Hold the presses.  Here I was, all eager to write a post about the delicious pumpkin chocolate chip bread I baked over the weekend with photos and my recipe to start off my Monday.  My idea and intention has just been interrupted and derailed by a story I just read about a bakery in Beijing called Black Swan Luxury (黑天鹅蛋糕) that sells a wedding cake for $315,000 USD.  My chocolate chip pumpkin bread can wait for later this week.  Doing some basic calculations here, let’s estimate you have a 300 person wedding, that means you would have paid approximately $1,050 per slice of wedding cake.  Last time I checked, wedding cakes ranged in the $7-$15 per slice category for something half decent.  The cake in question from Black Swan Luxury is 70-80 times the price.  Yikes! I wonder how many of these cakes they are selling.  I guess it doesn’t really matter because if they sell more than one, it has generated some significant revenue for the company.

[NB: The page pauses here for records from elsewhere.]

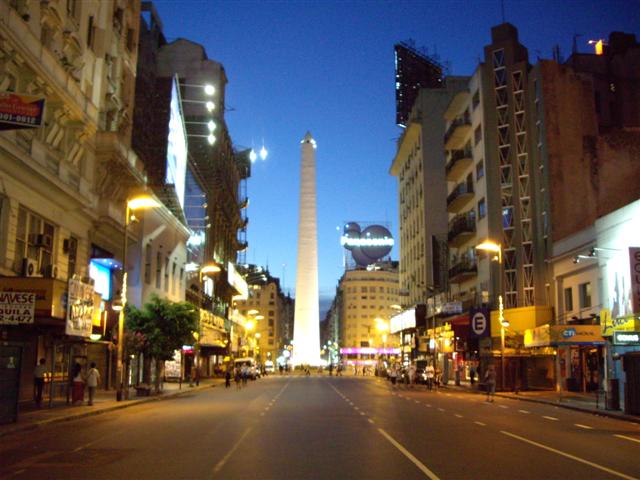 Het symbool van BsAs: de obelisk op de avenida 9 de julio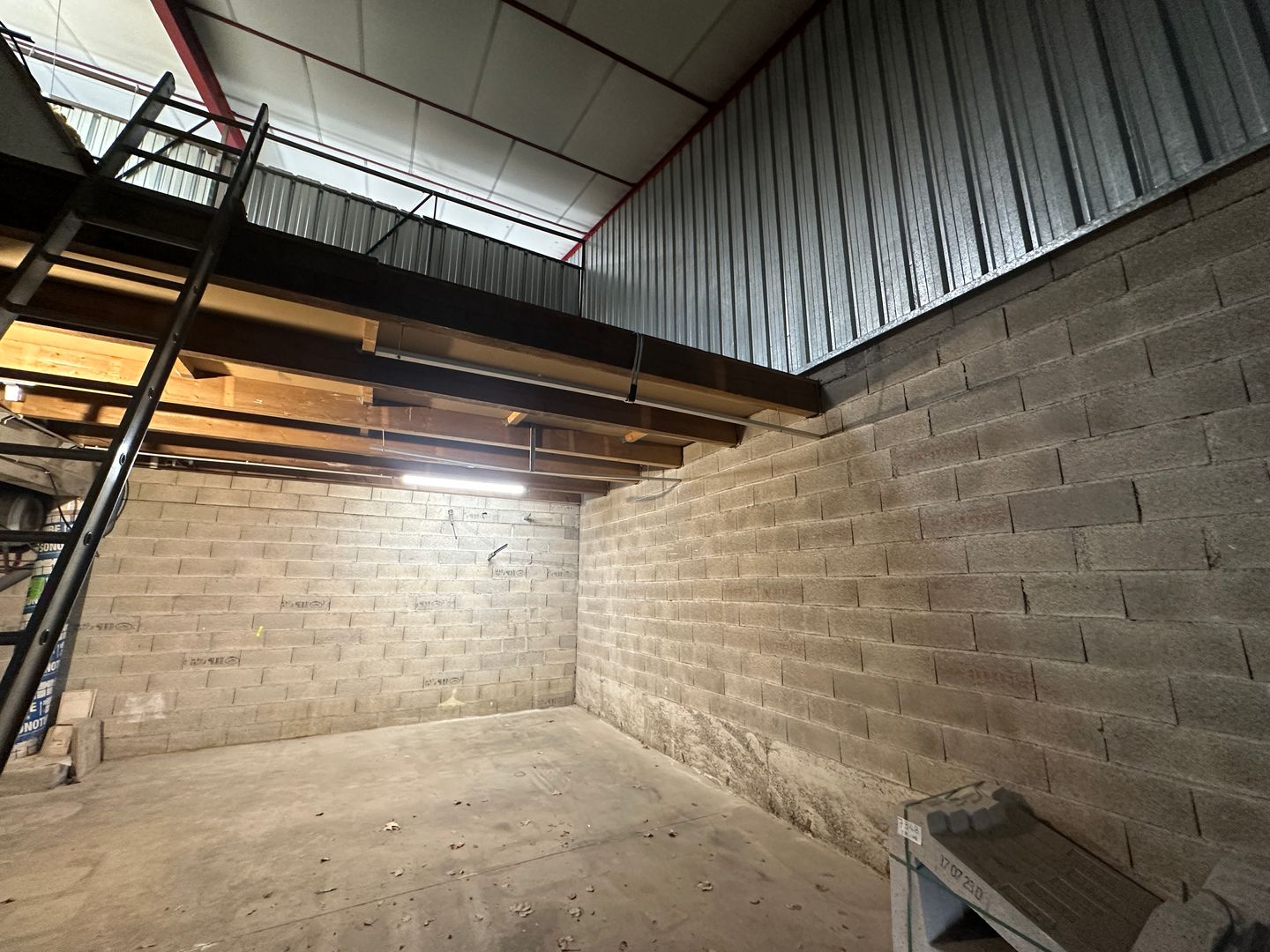 entrepôt de 220m², Roquebrune-sur Argens (Var)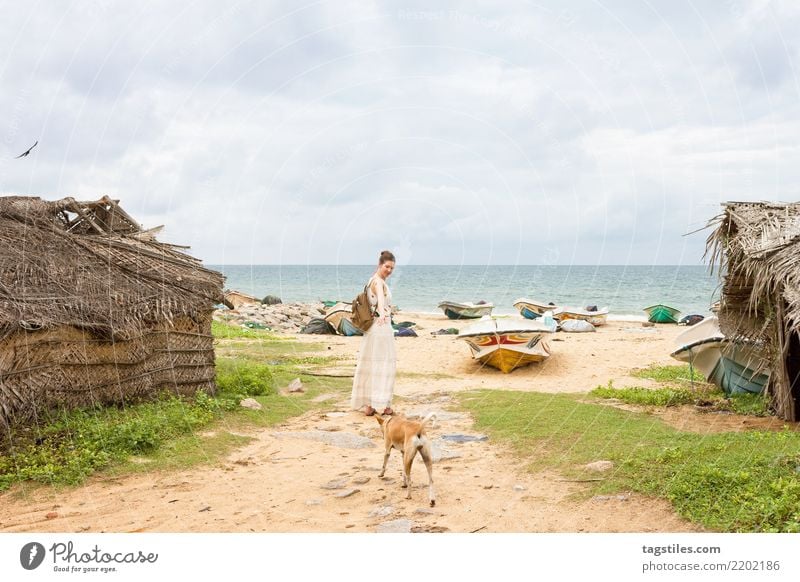 Visiting the old fishing village of Talawila, Sri Lanka Kalpitiya Thalawila Woman Asia Vacation & Travel Fishing (Angle) Fishery Village Card Tourism Paradise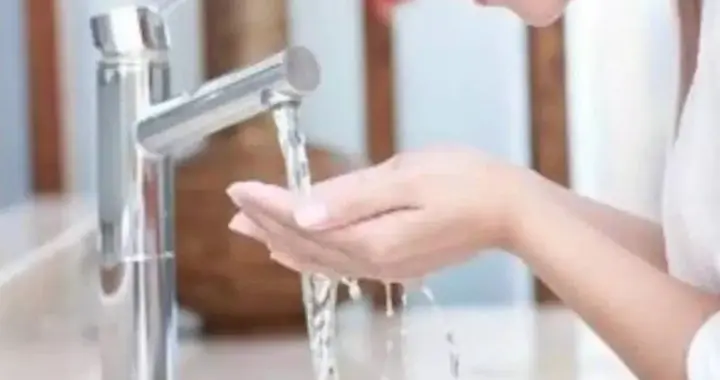 冷知识：不要长时间用热水洗手，油脂流失，手部更容易干裂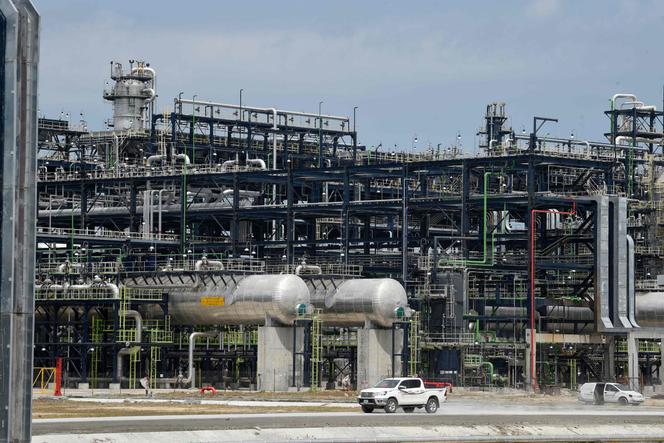 La raffinerie pétrolière Dangote à Lagos (Nigeria), le 22 mai 2023.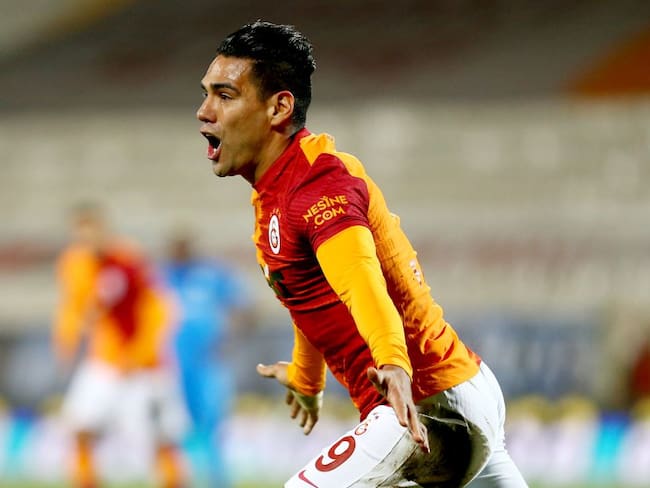 Radamel Falcao seguirá en Galatasaray según un directivo.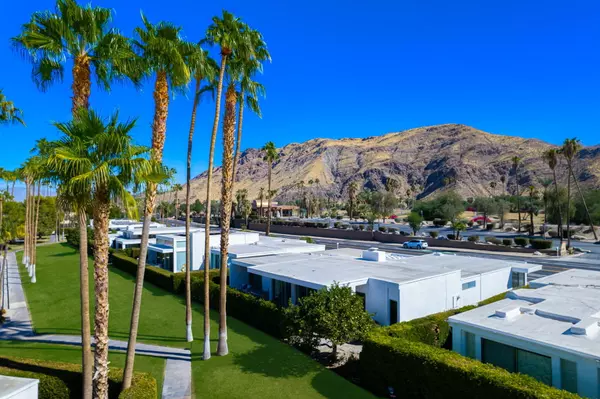 Palm Springs, CA 92264,962 E Murray Canyon DR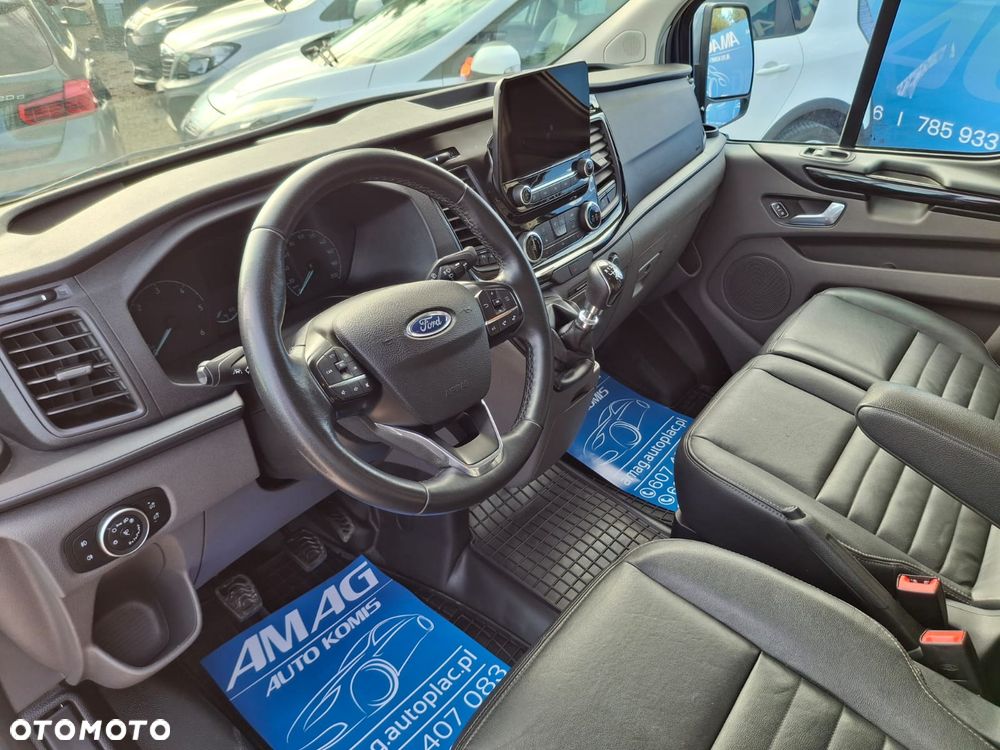 Ford TRANSIT CUSTOM - 17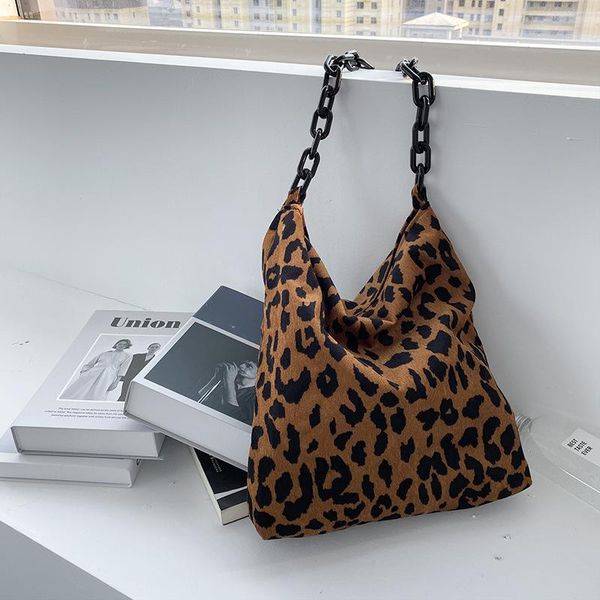 evening bags 2021 retro corduroy shoulder bag leopard pattern handbag thick chain female daily warm soft crossbody bolsa feminina
evening bags 2021 retro corduroy shoulder bag leopard pattern handbag thick chain female daily warm soft crossbody bolsa feminina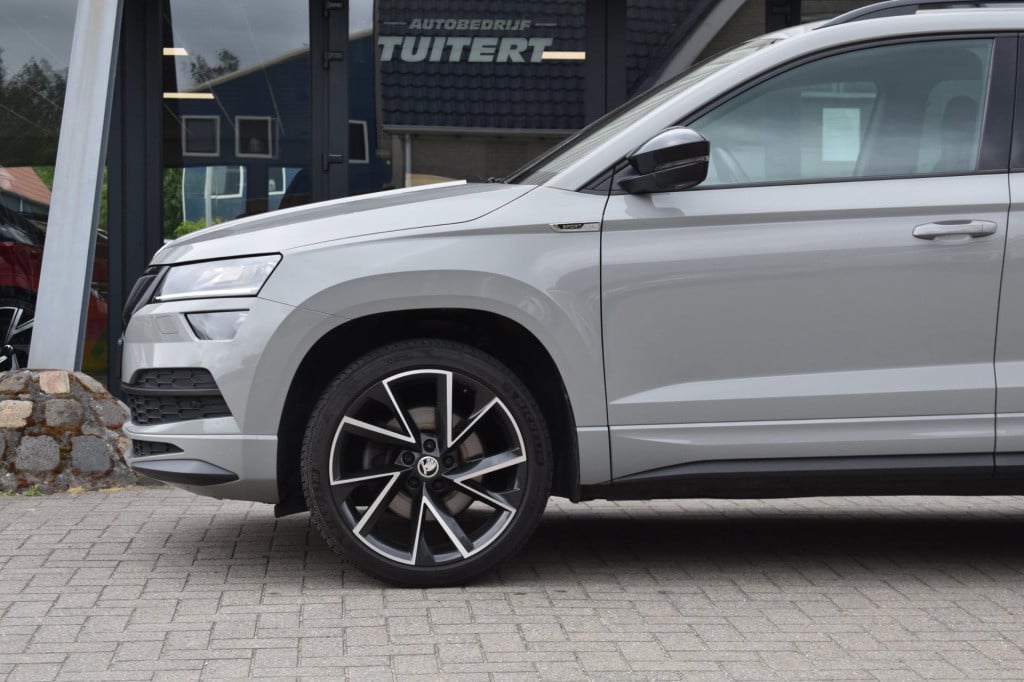 Skoda Karoq 1.5 tsi act sportline | trekhaak | canton | virtual cockpit | a
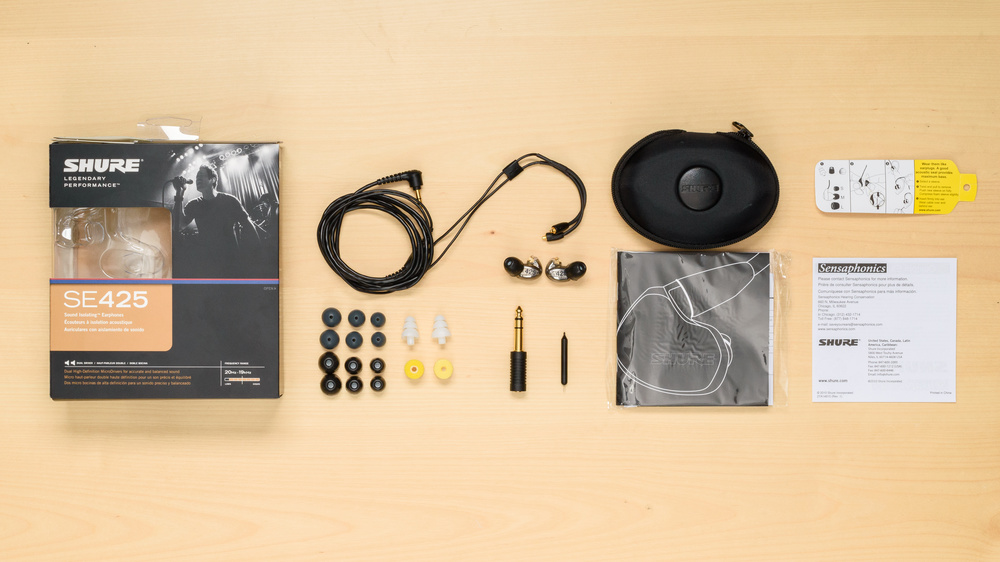 Shure SE425 In the box Picture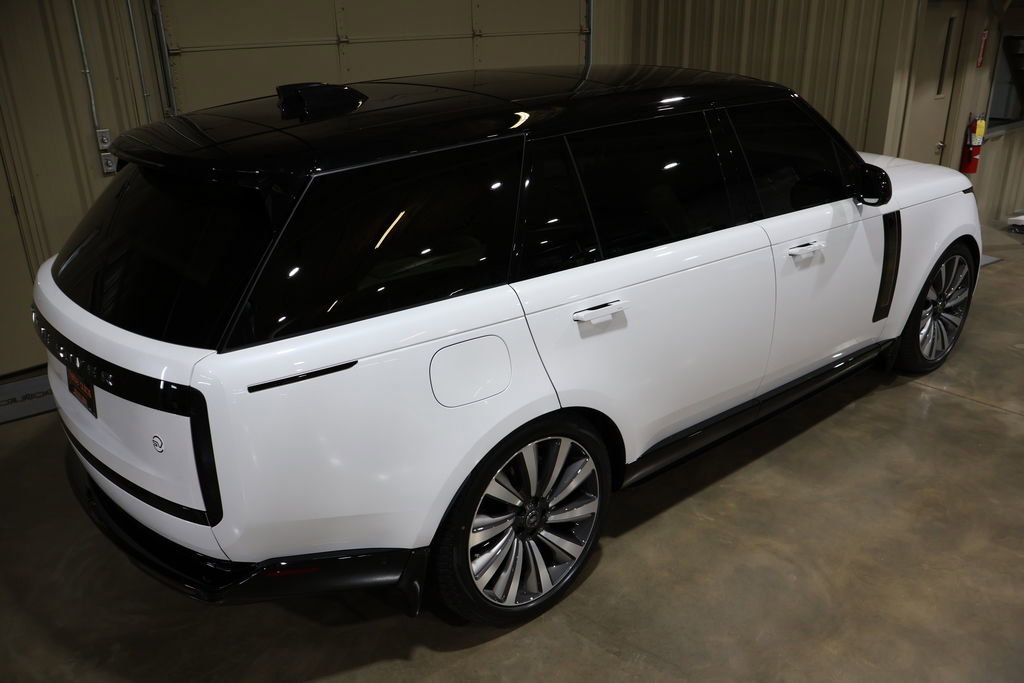 Used 2024 Land Rover Range Rover Long Wheelbase SE image 60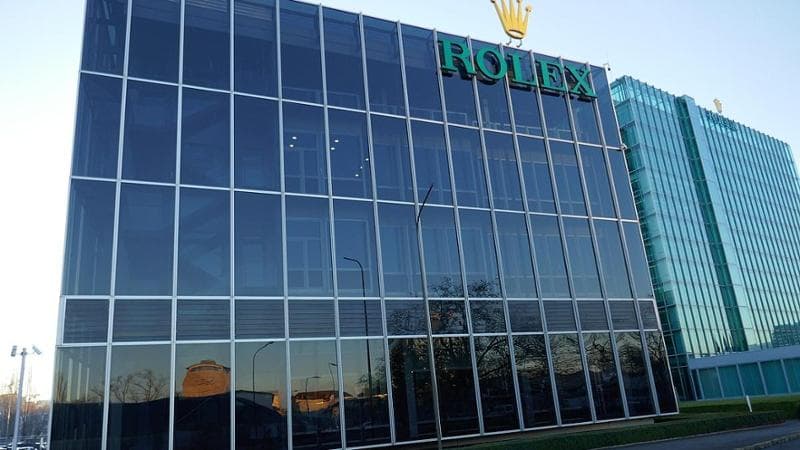 Mobbing nel tempio degli orologi di lusso, la Rolex riorganizza la sede di Ginevra dopo le denunce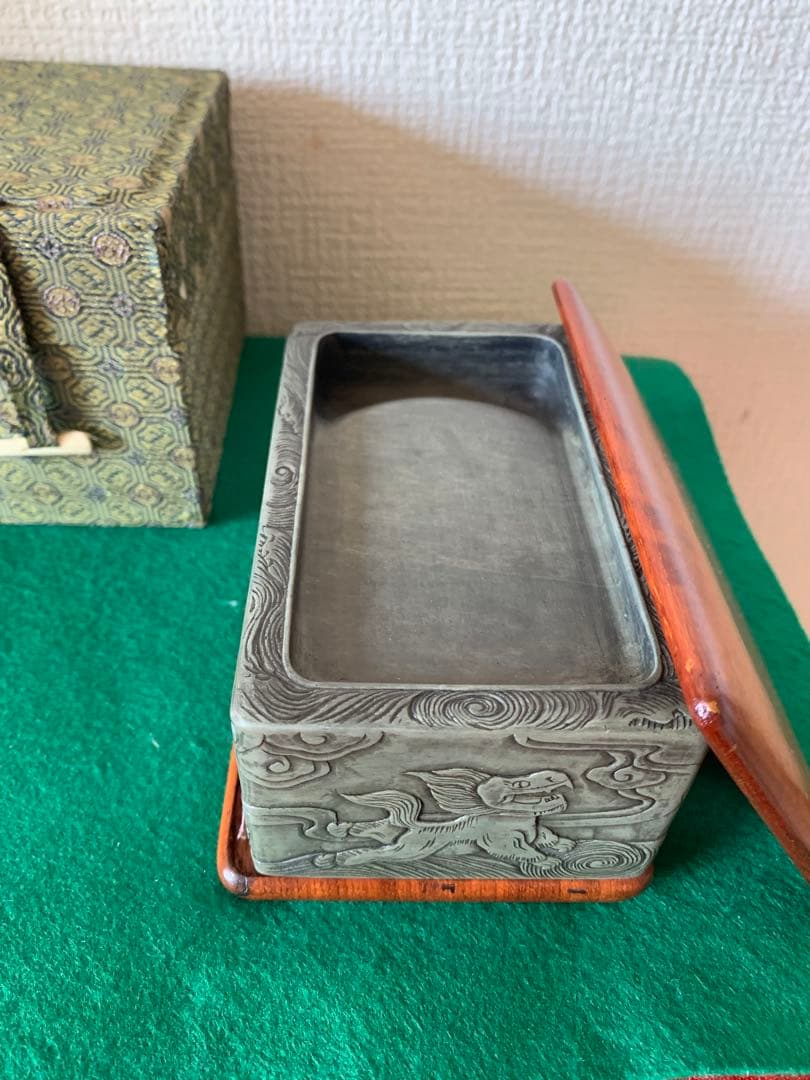 彫刻獅子模様の硯　箱付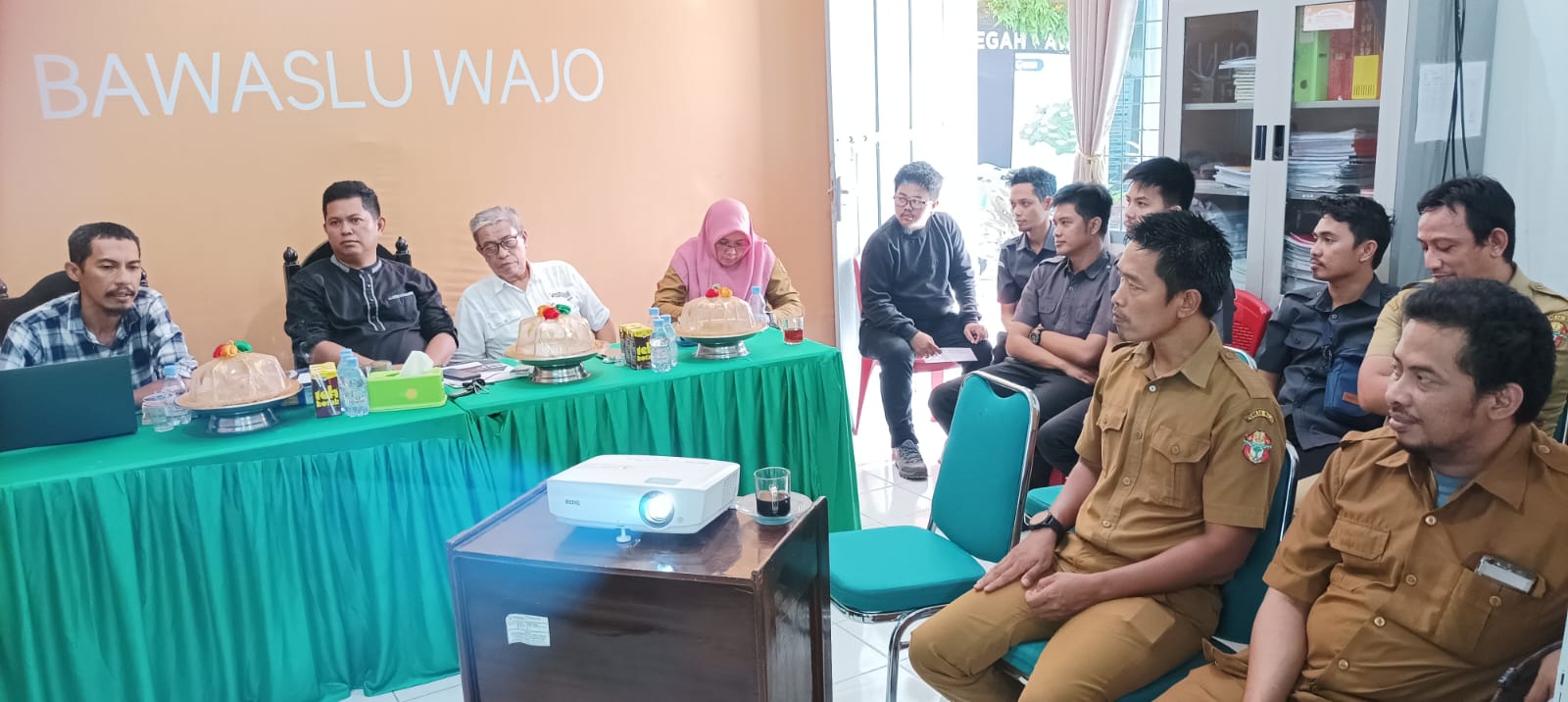Cegah Terjadi Sengketa, Bawaslu Wajo Rapat Pengawasan Dan Verifikasi Peserta Pemilu Tahun 2024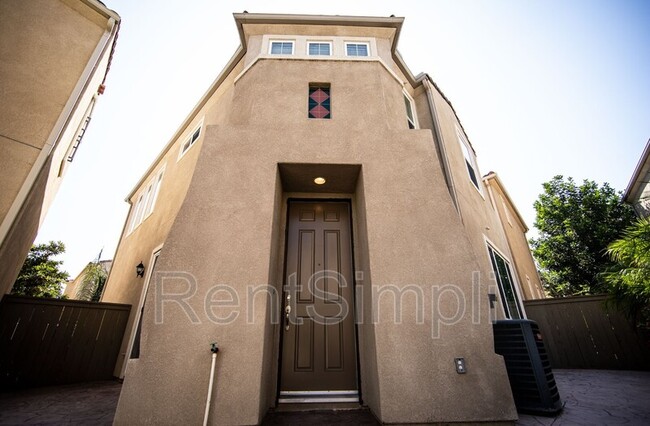 Building Photo - 1476 Caminito Sicilia
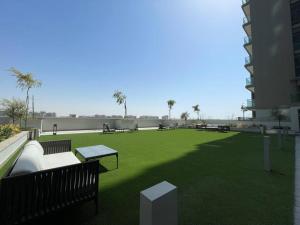 Fotografie z fotogalerie ubytování Dar Vacation - Cozy & Stylish 1BDR Apartment v Dubaji + 22 fotografií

Where did I come by this outrageously priced wedding cake, you ask?  I am a regular reader of the Business of Fashion, a site that specializes in curating a collection of business news articles and interviews about the fashion and luxury goods industries around the world.  Having lived in China and having written my thesis on the Asia luxury goods industry, when I saw the article titled “Chinese are up to speed with life in the fast lane,” published by the LA Times, it caught my attention and I decided to give it a read.  Did I know that one paragraph three quarters of the way down the page would have me nearly falling out of my seat.  Black Swan Luxury is part of the bakery group, Holiland 好利来. Ironically, Holiland’s website, translated in English, means buy cake (买蛋糕)- smart if you are asking people to spend a small fortune for a cake that typically doesn’t even get cut.

While the cake is not my taste, I’m sure Black Swan Luxury will have some eager brides and grooms clamouring for a slice of luxury.  I even found a YouTube video filmed by a customer who shows you a clip of the cake in the window and the wedding consultation area on the second floor.  Happy Monday!